The guarantee contract is one of the contracts in the group of ancillary and supplementary contracts. The elimination of the creditor-debtor relationship and the creation of a new relationship between the creditor and the guarantor is one of the effects of jurisprudential guarantee (*daman*) in Shia fiqh. In this guarantee, the creditor does not have the right to approach the debtor to collect their debt and must claim it from the guarantor. However, in Sunni fiqh, the guarantor's liability is added to the liability of the guaranteed person (the debtor), and the creditor also has the right to approach the debtor (p. 422). According to the authors, the guarantee of bank facilities that is common in banking today is a guarantee in the technical sense of the Sunnis, not the guarantee as understood in Shia terminology. In the guarantee of bank facilities, the core guarantee is not suspended, which would make it void according to the majority view of jurists. Rather, the guarantor's guarantee is suspended on the debtor's failure to pay the debt. Therefore, the bank or financial institution claims its debt from the guarantor only when the debtor has delayed the loan repayment or has refused to pay it (p. 424).

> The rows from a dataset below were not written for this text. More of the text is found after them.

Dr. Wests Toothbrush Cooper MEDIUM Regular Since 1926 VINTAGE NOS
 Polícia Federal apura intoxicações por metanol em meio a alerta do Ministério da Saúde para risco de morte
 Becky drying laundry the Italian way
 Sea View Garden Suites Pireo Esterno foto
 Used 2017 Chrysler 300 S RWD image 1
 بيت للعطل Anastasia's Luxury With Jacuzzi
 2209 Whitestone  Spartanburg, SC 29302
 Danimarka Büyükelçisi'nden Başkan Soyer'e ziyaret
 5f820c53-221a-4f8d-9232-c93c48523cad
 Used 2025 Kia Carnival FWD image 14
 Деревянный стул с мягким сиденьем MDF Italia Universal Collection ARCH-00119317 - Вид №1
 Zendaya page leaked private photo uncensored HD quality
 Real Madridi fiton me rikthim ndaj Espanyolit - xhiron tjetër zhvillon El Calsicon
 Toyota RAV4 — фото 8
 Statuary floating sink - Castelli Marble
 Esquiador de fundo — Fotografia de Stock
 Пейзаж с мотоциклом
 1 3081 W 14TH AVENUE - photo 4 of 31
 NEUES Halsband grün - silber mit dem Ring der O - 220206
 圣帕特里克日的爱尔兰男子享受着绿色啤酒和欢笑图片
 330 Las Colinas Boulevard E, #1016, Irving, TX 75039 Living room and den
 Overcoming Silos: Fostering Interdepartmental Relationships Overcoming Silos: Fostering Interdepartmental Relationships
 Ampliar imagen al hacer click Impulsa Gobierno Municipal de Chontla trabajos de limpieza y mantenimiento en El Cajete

Application of Options to Rescind in Macroeconomics and the Money and Capital Markets

The seventh chapter of the book is about options to rescind (*khiyarat*) and their types. In this book, *khiyarat* are divided into two categories based on their application: common options and specific options, and then the subcategories of each are explained. Common options include seven: option of stipulation, option of breach of condition, option of misrepresentation (*ghabn*), option of defect, option of partial transaction, and option of inspection. Specific options are three: option of assembly, option of animal, and option of delay (p. 478). The authors of the book, at the end of the chapter, point out that at the time these topics were discussed in jurisprudential books, the modern macroeconomic discussions did not exist. However, it should be noted that the foundations of these discussions are stated in narrations and jurisprudential texts, and it is necessary for researchers and scholars to extract these foundations and then apply and make them practical in the various and complex economic branches of today (p. 516).

Application and Difference between Rescission and Mutual Cancellation

The title of the last chapter of the book (Chapter Eight) is "Rescission and Mutual Cancellation" (*Faskh wa Iqalah*). *Iqalah* is where no cause for rescission has occurred, and the parties to the contract simply dissolve the transaction based on agreement and consent. However, in *faskh* (rescission), one of the causes and factors for rescission must be present, and in this case, dissolving the contract is unilateral, and the consent of the other party is not a condition (p. 529). This chapter is organized in four pages and is dedicated only to the topics of *iqalah* because in the discussions and contracts presented in the previous chapters, the issue of rescission for each contract has been discussed in full (p. 529). Despite the principle of bindingness in contracts, according to Shia jurists, *iqalah* is not contrary to this rule and is in fact a rescission that can be implemented in any contract with the consent and will of the parties, except in contracts where the Lawgiver has not permitted *iqalah*, such as the marriage contract and endowment (*waqf*) (p. 532).